Wetlands in the Conterminous US

Wetlands are surveyed nationally on a 5-year cycle by the US Fish and Wildlife Service (USFWS). The most recent survey estimated that the continental United States has around 110 million acres of wetlands. This showed a decline in the nation’s wetland acreage, with a net loss of 62,300 acres of wetlands. The greatest losses were experienced in freshwater wetlands on the Atlantic and Gulf coastal plain of the southeast United States, including coastal Texas.

Wetlands in the Coastal Watersheds of the Conterminous US

A related study which evaluated wetland loss in coastal watersheds estimated that the coastal watershed of the US (Atlantic, Gulf of Mexico, Pacific, and Great Lakes) accounted for 41.1 million acres of wetlands in the lower 48 states. The Gulf of Mexico coastal watersheds (including the Texas coast) experienced a net loss of 257,150 acres, or 71% of the estimated wetland loss from coastal watersheds.

Wetlands in Texas

The 2010 National Resource Inventory created by USDA Natural Resources Conservation Service reviewed wetlands in all of Texas on non-federal lands (including privately owned lands, tribal and trust lands, and state and local government owned lands). This report, released in 2014, estimated almost 5.5 million acres of freshwater and tidal wetlands remained in Texas as of 2010. Approximately 43% of these wetlands occurred on forested land, 17% occurred on range land, and 18% occurred on cropland, pasture, and CRP land.

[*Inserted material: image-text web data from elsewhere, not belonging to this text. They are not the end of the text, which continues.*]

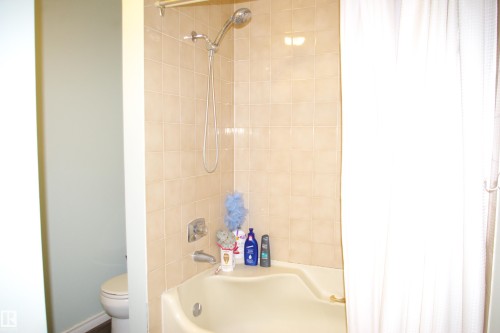 208 Lakeside Green, St. Albert, AB - Indoor Photo Showing Bathroom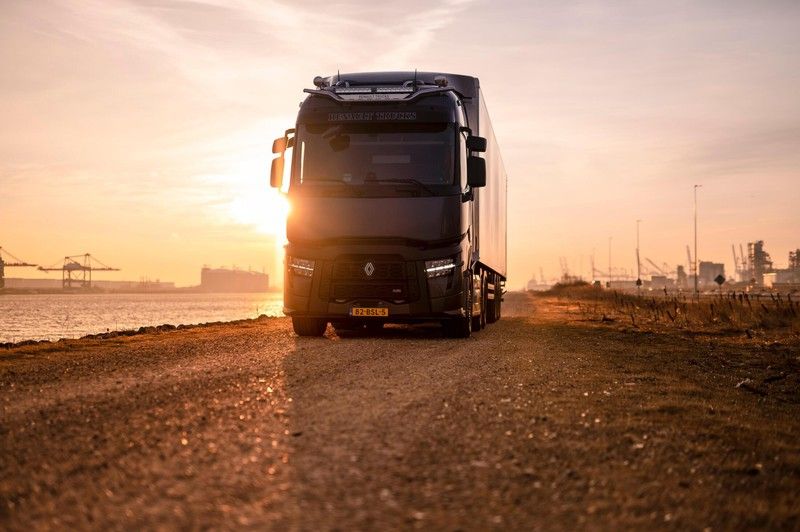 6.- Gama T de Renault Trucks: 1.818 unidades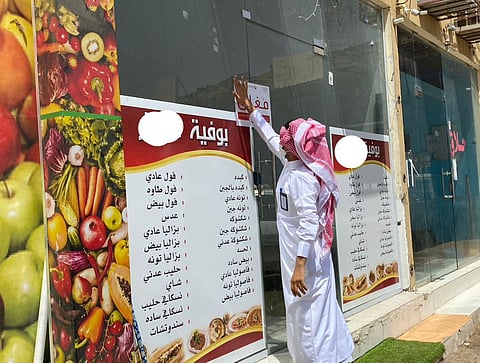 خلال جولاتها الرقابية.. بلدية الحصاة تراقب المنشآت الغذائية والمطاعم وتغلق المخالف منها
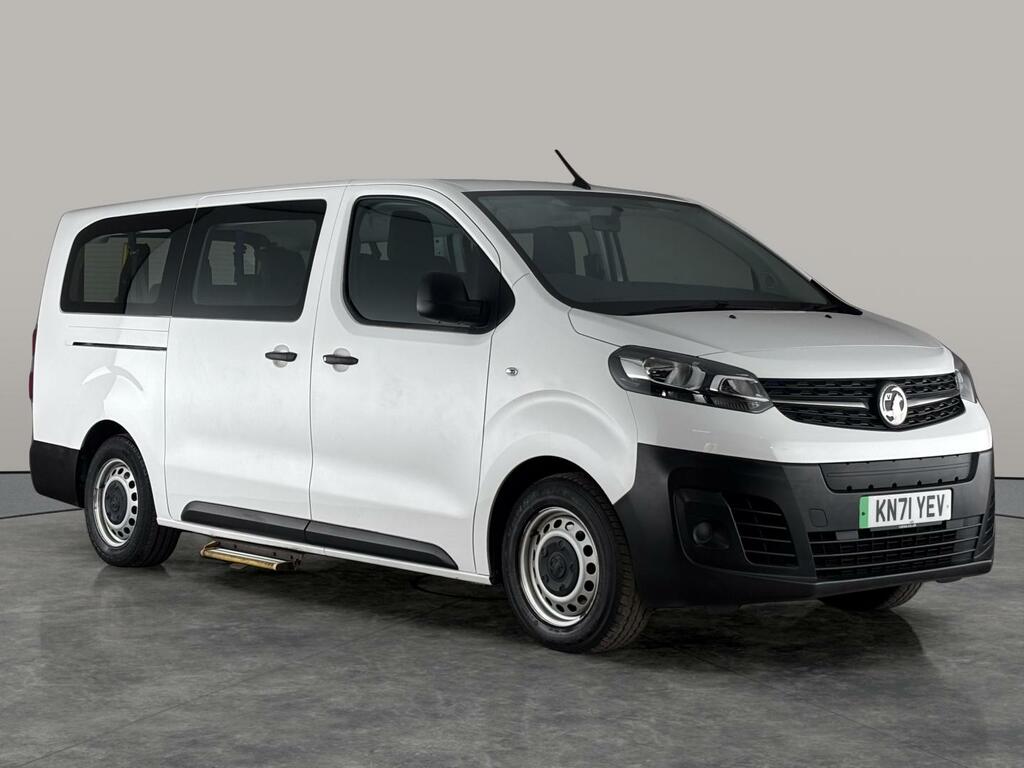 Vauxhall Vivaro 1.5L Sportive White #3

This means that 78% or almost 4.3 million of all freshwater and tidal wetland in Texas are on agricultural or silvicultural lands!

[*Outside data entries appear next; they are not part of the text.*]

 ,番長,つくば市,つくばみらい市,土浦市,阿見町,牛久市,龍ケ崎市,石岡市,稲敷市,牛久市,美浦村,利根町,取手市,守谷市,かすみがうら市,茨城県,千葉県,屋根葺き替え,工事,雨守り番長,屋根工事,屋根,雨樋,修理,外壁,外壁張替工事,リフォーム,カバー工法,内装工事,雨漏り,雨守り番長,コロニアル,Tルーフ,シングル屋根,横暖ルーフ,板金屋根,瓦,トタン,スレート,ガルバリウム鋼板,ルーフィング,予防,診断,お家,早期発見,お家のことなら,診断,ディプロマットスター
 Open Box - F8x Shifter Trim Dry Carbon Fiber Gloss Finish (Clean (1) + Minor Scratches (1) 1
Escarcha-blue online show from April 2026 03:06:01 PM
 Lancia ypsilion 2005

Wetlands on the Texas Coast

The “Texas Coastal Wetlands: Status and Trends” USFWS report estimates that coastal Texas saw a net loss of 210,590 acres of wetlands from 1955 to 1992. By the early 1990s, 3.9 million acres of wetlands remained on the Texas coast: 567,000 acres of salt water wetlands and 3.3 million acres of freshwater wetlands. Fifty-two percent of the estimated remaining freshwater wetlands were considered farmed wetlands. In the early 1990s, agriculture was the largest land use on the Texas Coast, comprising 4.7 million acres of land. However, agriculture is no longer expanding on the Texas coast and now the greatest threat for wetland loss is from development as the Houston-Galveston region expands to accommodate population growth.

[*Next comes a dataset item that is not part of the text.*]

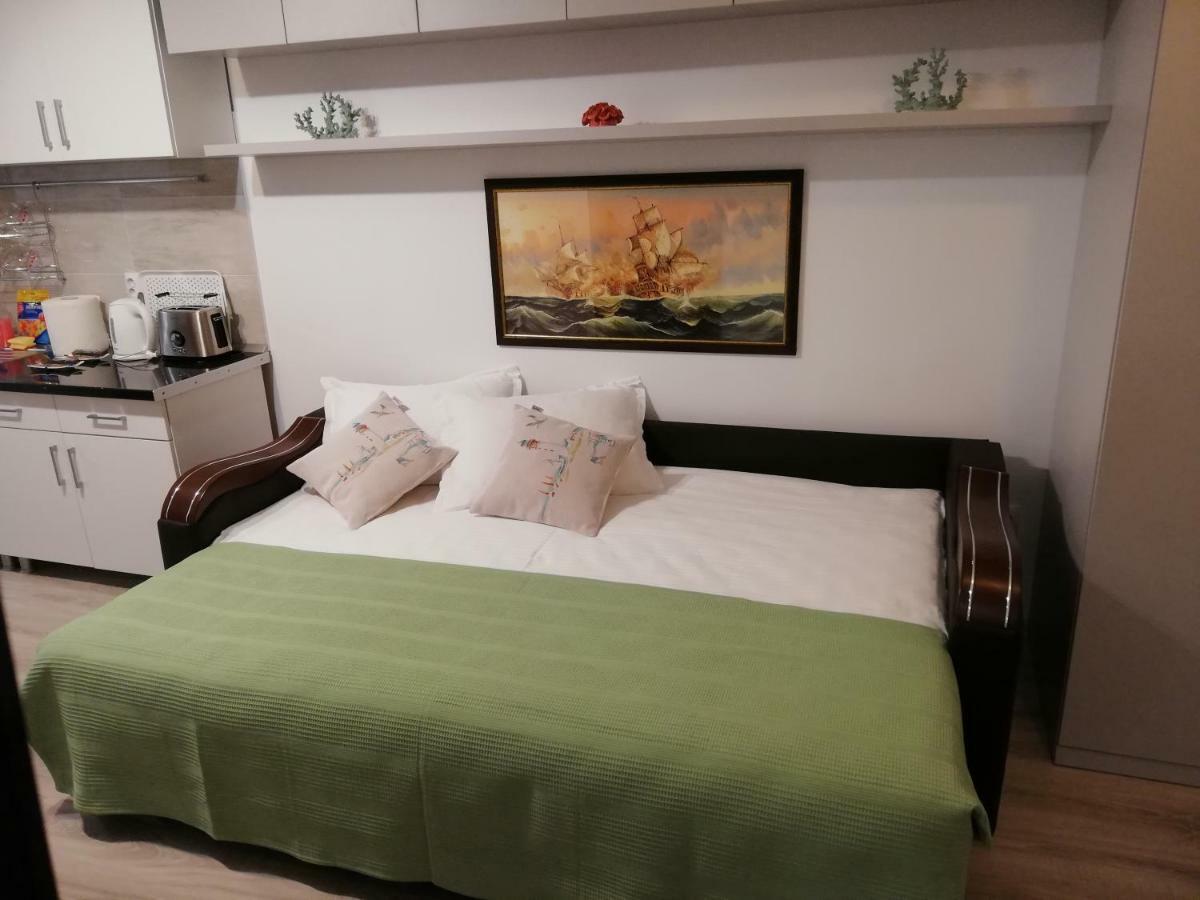Kolonaki Domus Apartment Iasi Buitenkant foto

In a recent study that compared the USFWS National Wetland Inventory data developed in 1992-93 to current digital aerial photography, Jacob et al (2014) found that the 8-county Greater Houston Metropolitan Area lost around 23,000 acres of natural freshwater wetlands between 1992 and 2010 (Jacob, J.S., K. Pandian, R. Lopez, and H. Biggs. 2014. Houston Area Freshwater Wetland Loss, 1992-2010. Texas AgriLife Extension Service ERPT-002; Texas Sea Grant TAMU-SG-14-303). This study found that forested wetlands and freshwater marsh wetlands comprised the vast majority of non-tidal freshwater wetlands lost in this region. Over 70% of wetland loss appeared to be attributed to development projects.